Below are my steps to get DeepSeek-R1-Distill-Qwen-1.5B run on Orion O6 CPU

Model Download

Link: - https://www.modelscope.cn/models/deepseek-ai/DeepSeek-R1-Distill-Qwen-1.5B
Save model such as DeepSeek-R1-Distill-Qwen-1.5B

Llama.cpp

Compilation on host x86_64 ubuntu

git clone https://github.com/ggerganov/llama.cpp
cd llama.cpp
git checkout b4641
mkdir build && cd build
cmake -DGGML_LLAMAFILE=OFF ..
make -j

Quantization on host x86_64 ubuntu

Format Conversion

pip install -r requirements.txt
python3 convert_hf_to_gguf.py DeepSeek-R1-Distill-Qwen-1.5B

Quantization

Quantize with Q4_K_M (Will try other methods later)

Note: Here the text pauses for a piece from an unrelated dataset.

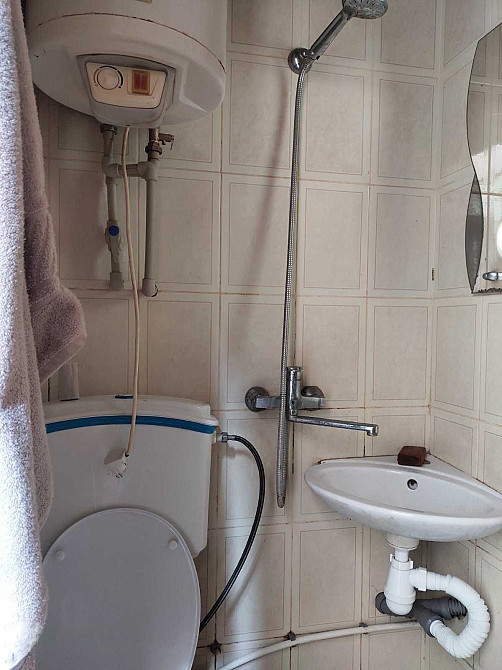 1-комн. Квартира-Домик 25м² Еврейская / Деволановский спуск Одеса - зображення 7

./build/bin/llama-quantize DeepSeek-R1-Distill-Qwen-1.5B/DeepSeek-R1-Distill-Qwen-1.5B-F16.gguf DeepSeek-R1-Distill-Qwen-1.5B-Q4_K_M.gguf Q4_K_M

Performance on O6

Runtime

Since the O6 rootfs already have llamacpp integrated, which is great, or I have to run the cross-build again, aha!
We just need to copy DeepSeek-R1-Distill-Qwen-1.5B_Q4_K_M.gguf to O6 rootfs and execute the following command:

taskset -c 0,5,6,7,8,9,10,11 llama-cli -m DeepSeek-R1-Distill-Qwen-1.5B-Q4_K_M.gguf -c 4096 -t 8 -p "Please introduce HongKong in China."

Benchmark

In order to get a better perf, I have set the CPUs to performance governor with below cmd, just need to loop all the cpus which X loops from 0 to 11.

echo performance > /sys/devices/system/cpu/cpu**X**/cpufreq/scaling_governor

The Benchmark cmd is as below:

taskset -c 0,5,6,7,8,9,10,11 llama-bench -m DeepSeek-R1-Distill-Qwen-1.5B-Q4_K_M.gguf -pg 128,128 -t 8
5 Likes

is cix’s model hub applicable also?

yes, just apply from cix ebp program,

support.cixtech.com

Note the Model Hub is also recently available in Github without needing to register with CIX.